This is the kind of conversation my husband and I have over text messages:

Teo:

When was the King James Bible published?

Sean:

1600s

Teo:

And before that time, how did Christians come to know the Gospel?

Or even have a complete sense of what “The Bible” was?

Sean:

Oh, there were other, earlier versions of the Bible

King James commissioned a bible, some say, in repentance for his rather obvious homosexuality.

Teo:

Wow.

Sean:

Keep in mind, though, that even after King James, most people were illiterate and too poor to own books. So, most people knew the Gospel simply from attending church. Households did not have Bibles

Teo:

I just got to wonder how many thousands of people pre-King James knew the story of Jesus, and a vague sense of it’s place in the greater context of Jewish scripture, and how many didn’t, There was this long period of time when pre-Christian beliefs and practices (i.e. paganisms) existed side-by-side with a growing Christian faith.

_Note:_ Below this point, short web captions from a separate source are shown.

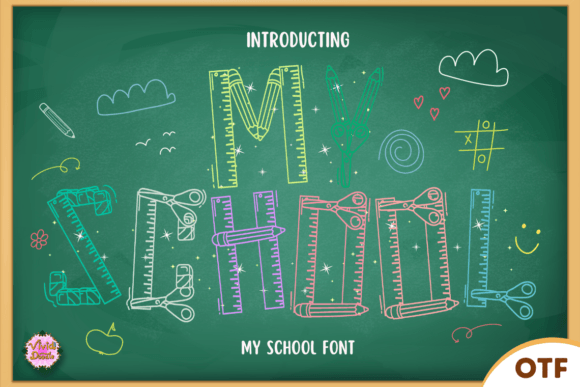 My School: A Friendly Script Typeface for Educational Publishing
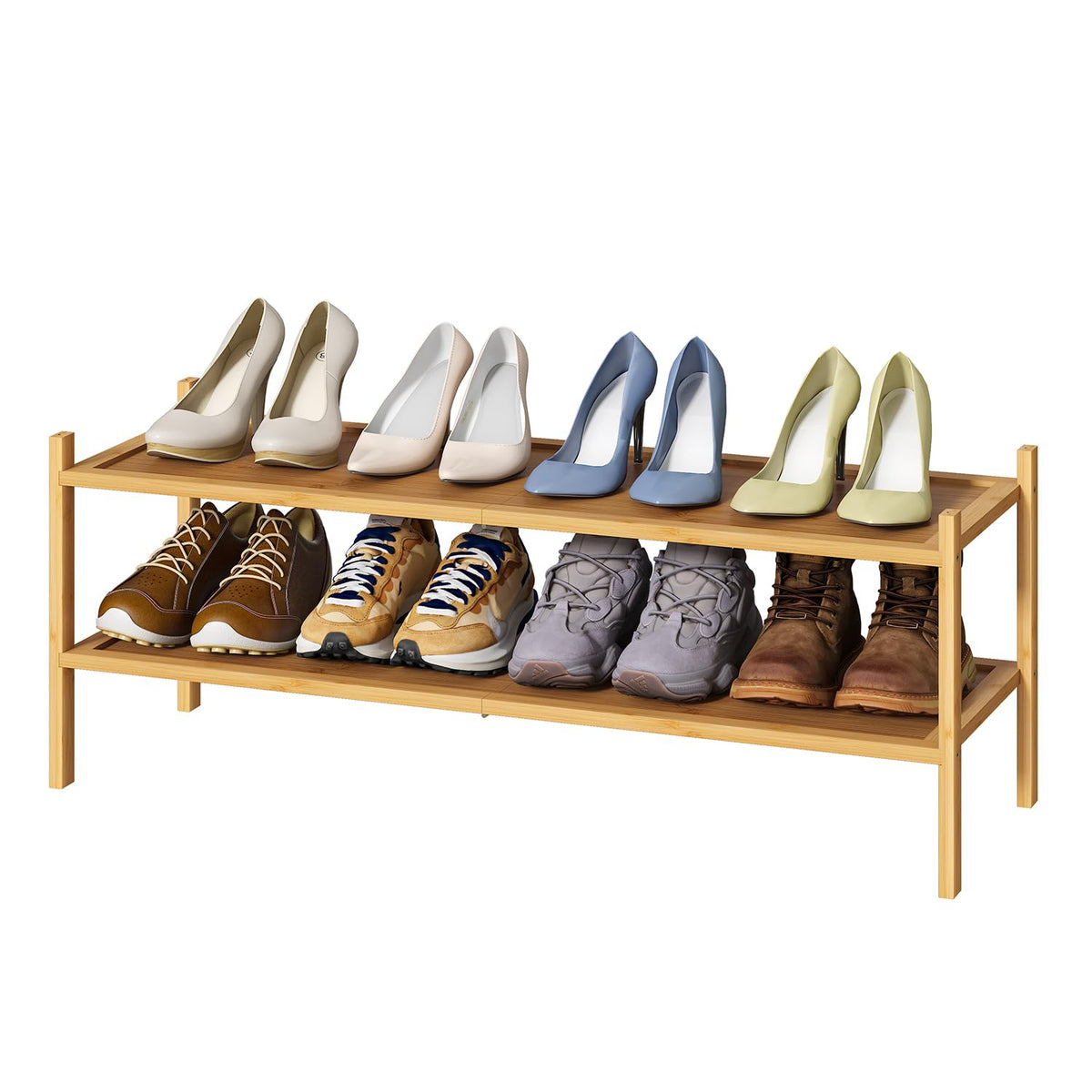 Kiplant long shoe rack in hallway setup for space-saving organization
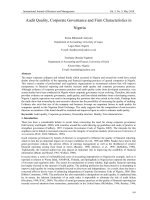 [cg-aq-fc] adeyemi and fagbemi - 2010 - audit quality, corporate governance and firm characteristics in nigeria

And you make a good point.

Sean:

Yep. Home practice was much more pagan, I’d think. But people attended Church. In the Middle Ages, it wasn’t just monks and nuns who prayed 7 times a day, either. The Christian life was much more like Islamic practice. But prior to the Middle Ages, Christianity was a sort of magical tradition, and Jesus was sometimes seen as the greatest of the Pagan leaders, opening up a new path to wisdom and enlightenment.

The only way syncretism really works is if it looks enough like the original religion that people are convinced they don’t need to convert at all.

This is probably one of the reasons why Arthur become mythologized as a king who would return. And why his greatest quest — even though he was otherwise Pagan — was to retrieve the Holy Grail.

I’m speaking mostly from a European, early Middle Ages perspective. How people knew the Gospel in classical times — in Rome and Greece — before there was any sort of wide, paperbound dissemination of the book, I’ve no idea.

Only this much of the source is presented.